**Description of the task:** The lines to repeat are those below from the one containing "Marineblauw/zwart/grijs/wit/saliegroen - Slim" down to the one containing "Brand New Whirlpool Fridge", both included; reproduce them exactly and nothing else.

*** Block opens ***

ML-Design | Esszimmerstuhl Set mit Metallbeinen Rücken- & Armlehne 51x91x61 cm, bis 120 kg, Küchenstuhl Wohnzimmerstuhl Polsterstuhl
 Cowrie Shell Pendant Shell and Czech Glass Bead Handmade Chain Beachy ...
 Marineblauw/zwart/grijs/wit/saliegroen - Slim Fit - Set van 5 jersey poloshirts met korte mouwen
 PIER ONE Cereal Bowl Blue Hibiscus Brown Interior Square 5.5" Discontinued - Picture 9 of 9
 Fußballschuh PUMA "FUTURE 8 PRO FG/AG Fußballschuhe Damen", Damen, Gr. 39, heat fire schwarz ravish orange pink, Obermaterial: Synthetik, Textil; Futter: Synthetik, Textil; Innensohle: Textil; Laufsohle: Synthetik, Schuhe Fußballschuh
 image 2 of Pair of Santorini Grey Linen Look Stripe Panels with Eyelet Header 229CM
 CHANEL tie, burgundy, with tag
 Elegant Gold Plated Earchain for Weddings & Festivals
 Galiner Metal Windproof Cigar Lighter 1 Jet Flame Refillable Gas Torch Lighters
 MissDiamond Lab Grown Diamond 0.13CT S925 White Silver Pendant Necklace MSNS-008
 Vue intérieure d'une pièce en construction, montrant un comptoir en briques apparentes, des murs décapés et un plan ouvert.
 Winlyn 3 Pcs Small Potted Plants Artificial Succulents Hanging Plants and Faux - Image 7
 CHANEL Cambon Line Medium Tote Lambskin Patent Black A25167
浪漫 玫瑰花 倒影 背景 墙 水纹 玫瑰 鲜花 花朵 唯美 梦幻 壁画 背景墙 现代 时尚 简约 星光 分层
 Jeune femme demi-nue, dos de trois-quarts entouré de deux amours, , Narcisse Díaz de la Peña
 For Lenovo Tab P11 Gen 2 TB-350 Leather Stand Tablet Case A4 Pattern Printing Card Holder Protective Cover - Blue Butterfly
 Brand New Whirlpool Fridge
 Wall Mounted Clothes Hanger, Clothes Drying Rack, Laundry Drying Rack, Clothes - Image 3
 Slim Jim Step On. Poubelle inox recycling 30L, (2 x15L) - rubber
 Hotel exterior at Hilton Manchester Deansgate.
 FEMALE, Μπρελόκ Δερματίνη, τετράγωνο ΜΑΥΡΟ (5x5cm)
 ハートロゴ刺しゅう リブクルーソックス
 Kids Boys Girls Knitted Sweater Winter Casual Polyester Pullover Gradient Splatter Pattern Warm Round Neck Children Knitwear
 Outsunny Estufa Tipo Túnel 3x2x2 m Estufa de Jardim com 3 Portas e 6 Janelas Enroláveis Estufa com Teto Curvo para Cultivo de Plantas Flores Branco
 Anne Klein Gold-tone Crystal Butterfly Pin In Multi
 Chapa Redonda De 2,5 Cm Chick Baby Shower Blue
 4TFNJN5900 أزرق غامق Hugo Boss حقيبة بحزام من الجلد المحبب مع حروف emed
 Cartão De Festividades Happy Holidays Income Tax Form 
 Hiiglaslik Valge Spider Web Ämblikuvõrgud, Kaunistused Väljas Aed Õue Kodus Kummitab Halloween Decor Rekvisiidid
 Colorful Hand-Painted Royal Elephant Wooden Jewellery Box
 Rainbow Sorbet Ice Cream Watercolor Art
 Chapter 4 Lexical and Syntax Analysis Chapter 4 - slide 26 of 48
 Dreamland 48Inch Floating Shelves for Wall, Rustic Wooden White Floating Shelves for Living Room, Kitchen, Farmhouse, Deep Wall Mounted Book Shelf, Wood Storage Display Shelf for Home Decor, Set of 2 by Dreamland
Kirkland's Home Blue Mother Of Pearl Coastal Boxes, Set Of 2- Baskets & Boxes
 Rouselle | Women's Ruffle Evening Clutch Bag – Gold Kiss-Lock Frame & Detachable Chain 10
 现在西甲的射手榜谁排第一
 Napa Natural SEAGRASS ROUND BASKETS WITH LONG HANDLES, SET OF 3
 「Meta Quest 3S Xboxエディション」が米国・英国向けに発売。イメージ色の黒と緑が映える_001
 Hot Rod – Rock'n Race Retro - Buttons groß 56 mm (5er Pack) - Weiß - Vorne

*** Block closes ***

**Written answer:**
 Marineblauw/zwart/grijs/wit/saliegroen - Slim Fit - Set van 5 jersey poloshirts met korte mouwen
 PIER ONE Cereal Bowl Blue Hibiscus Brown Interior Square 5.5" Discontinued - Picture 9 of 9
 Fußballschuh PUMA "FUTURE 8 PRO FG/AG Fußballschuhe Damen", Damen, Gr. 39, heat fire schwarz ravish orange pink, Obermaterial: Synthetik, Textil; Futter: Synthetik, Textil; Innensohle: Textil; Laufsohle: Synthetik, Schuhe Fußballschuh
 image 2 of Pair of Santorini Grey Linen Look Stripe Panels with Eyelet Header 229CM
 CHANEL tie, burgundy, with tag
 Elegant Gold Plated Earchain for Weddings & Festivals
 Galiner Metal Windproof Cigar Lighter 1 Jet Flame Refillable Gas Torch Lighters
 MissDiamond Lab Grown Diamond 0.13CT S925 White Silver Pendant Necklace MSNS-008
 Vue intérieure d'une pièce en construction, montrant un comptoir en briques apparentes, des murs décapés et un plan ouvert.
 Winlyn 3 Pcs Small Potted Plants Artificial Succulents Hanging Plants and Faux - Image 7
 CHANEL Cambon Line Medium Tote Lambskin Patent Black A25167
浪漫 玫瑰花 倒影 背景 墙 水纹 玫瑰 鲜花 花朵 唯美 梦幻 壁画 背景墙 现代 时尚 简约 星光 分层
 Jeune femme demi-nue, dos de trois-quarts entouré de deux amours, , Narcisse Díaz de la Peña
 For Lenovo Tab P11 Gen 2 TB-350 Leather Stand Tablet Case A4 Pattern Printing Card Holder Protective Cover - Blue Butterfly
 Brand New Whirlpool Fridge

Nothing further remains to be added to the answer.